In her recent review of T H White’s Darkness at Pemberley Kate Macdonald makes the following observation:

Our frustration from the characters having to rely on leaving messages for each other from public telephones is something that readers have only experienced in the last 15 years: before that, public telephones were the only way for amateur detectives to stay in touch with a manhunt, and we took them for granted. So much necessary tension has been lost from modern detective fiction by the mobile phone.

I have to say I wholeheartedly agree. I love the use of telephones in old detective stories (and old thrillers as well). The hero would not only have to find a public telephone at the vital moment - the villain could cut the phone lines and even more fun would ensue.
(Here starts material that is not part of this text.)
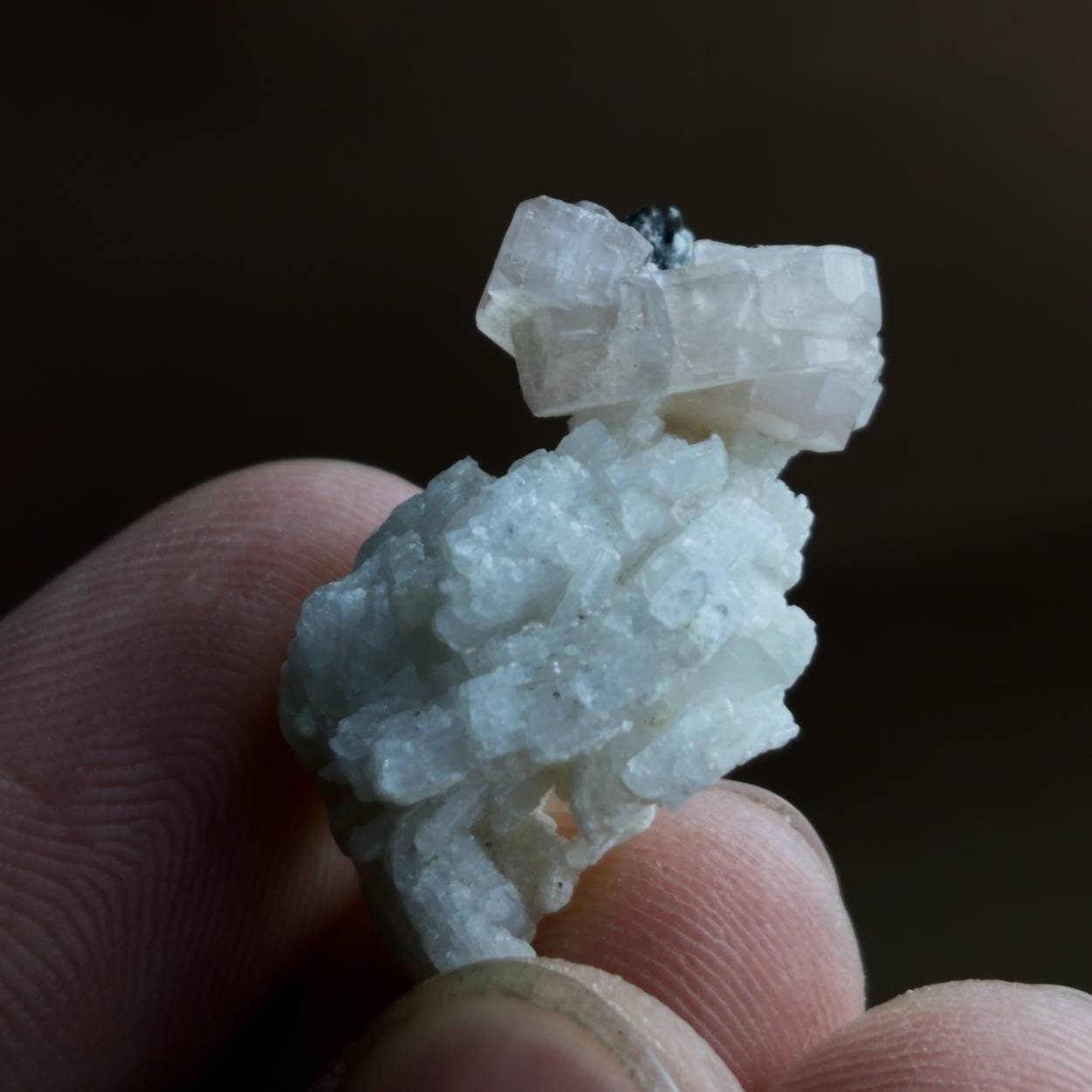ARSAA GEMS AND MINERALSLight pink apatite on matrix on albite with black tourmaline inclusion crystal - Premium  from ARSAA GEMS AND MINERALS - Just $30.00! Shop now at ARSAA GEMS AND MINERALS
In fact it’s a bit of a hobbyhorse of mine that technological advance has been extremely bad for the detective novel. It’s not just telephones. Many crucial plot points in classic detective fiction hinge on the arrival (or sometimes non-arrival of letters), or on knowing exactly when a letter was posted or delivered. And the fun didn’t stop there - there was also the nature of the letter itself. What make of typewriter was used? If handwritten there was the question of identifying the handwriting. The paper itself could provide vital clues. All that enjoyment is simply lost with emails.

Telegrams could also be very useful to the writer of detective stories.

It seems like a certain amount of technology is beneficial to the detective story. Cars and telephones were a definite asset and even aircraft could be advantageously worked in. Trains of course were absolutely essential. I’d even go so far as to say that the detective story could never have flourished in the days before railways.

The detective story required a society with some degree of technological sophistication but  the Law of Diminishing Returns has certainly kicked in with a vengeance. Digital technology is just not as much fun.